*** Opening of Extracted information ***

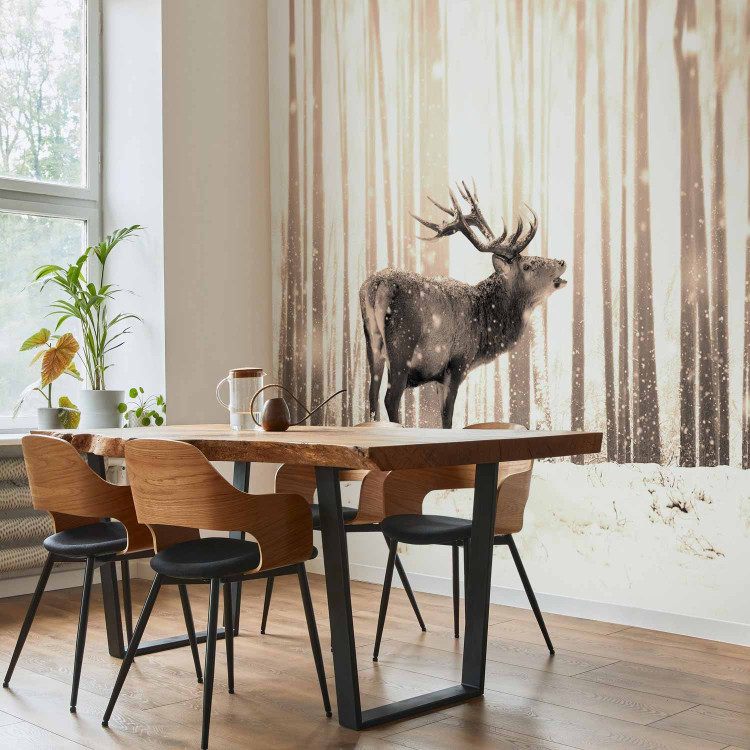Wall Mural Deer in the forest - winter forest landscape with deer on a background of trees in sepia 126813 additionalImage 7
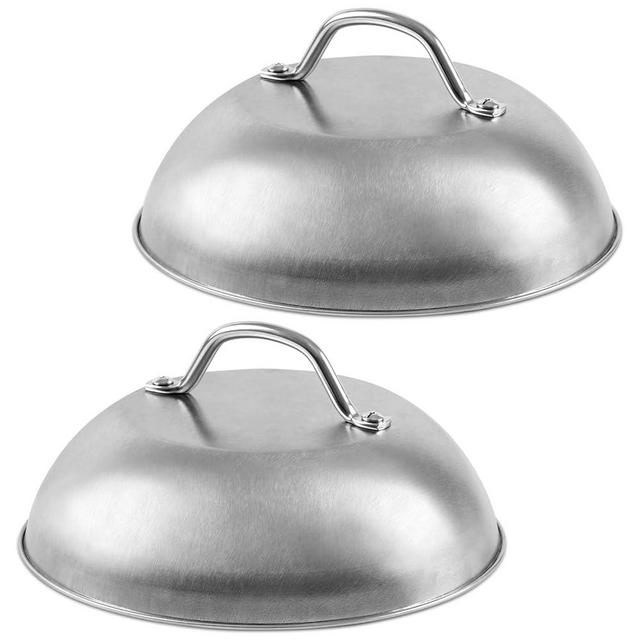 9 Inch Cheese Melting Dome - 2 Pack Heavy Duty Round Basting Cover - Stainless Steel Steaming Cover Grilling Melting Dome for Flat Top Griddle Grill - Griddle Accessories Indoor or Outdoor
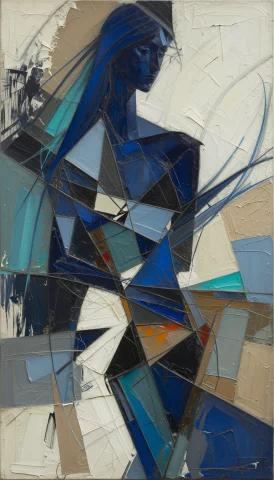 An Abstract Expressionist Oil Painting On A Heavy-textured C... — Stable Diffusion AI Prompt: An abstract expressionist oil painting on a heavy-textured canvas featuring a fe...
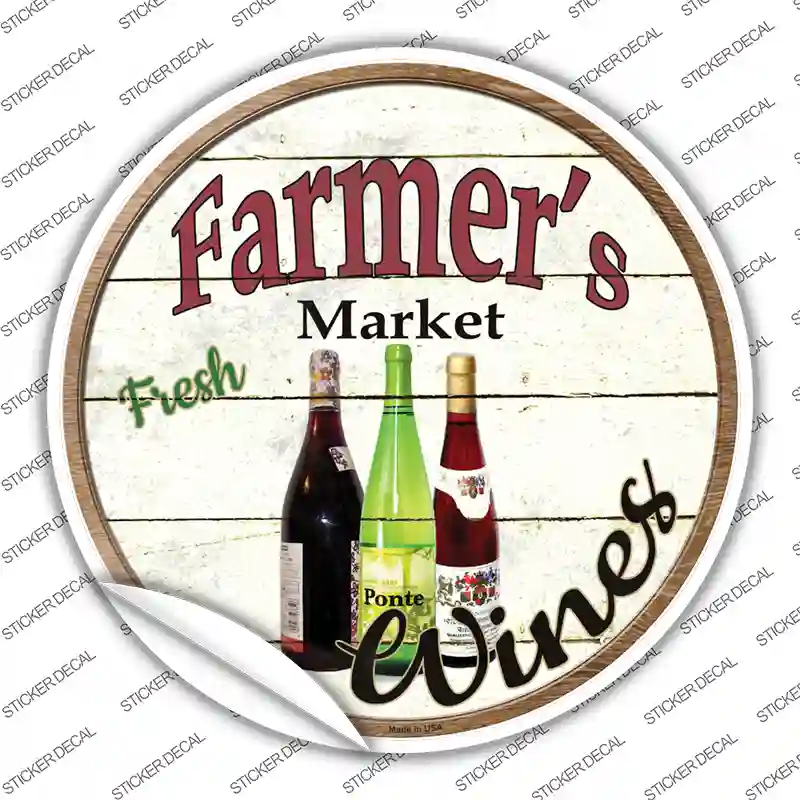 Farmers Market Wines Novelty Circle Sticker Decal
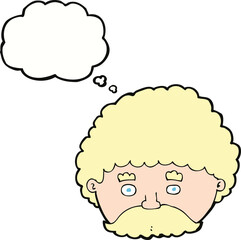 Fototapeta premium cartoon man with mustache with thought bubble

*** Close of Extracted information ***

Work to complete.
Exclude the pictures. Write out the remaining data exactly.

Response for this exercise.
Wall Mural Deer in the forest - winter forest landscape with deer on a background of trees in sepia 126813 additionalImage 7
 9 Inch Cheese Melting Dome - 2 Pack Heavy Duty Round Basting Cover - Stainless Steel Steaming Cover Grilling Melting Dome for Flat Top Griddle Grill - Griddle Accessories Indoor or Outdoor
 An Abstract Expressionist Oil Painting On A Heavy-textured C... — Stable Diffusion AI Prompt: An abstract expressionist oil painting on a heavy-textured canvas featuring a fe...
 Farmers Market Wines Novelty Circle Sticker Decal
 Fototapeta premium cartoon man with mustache with thought bubble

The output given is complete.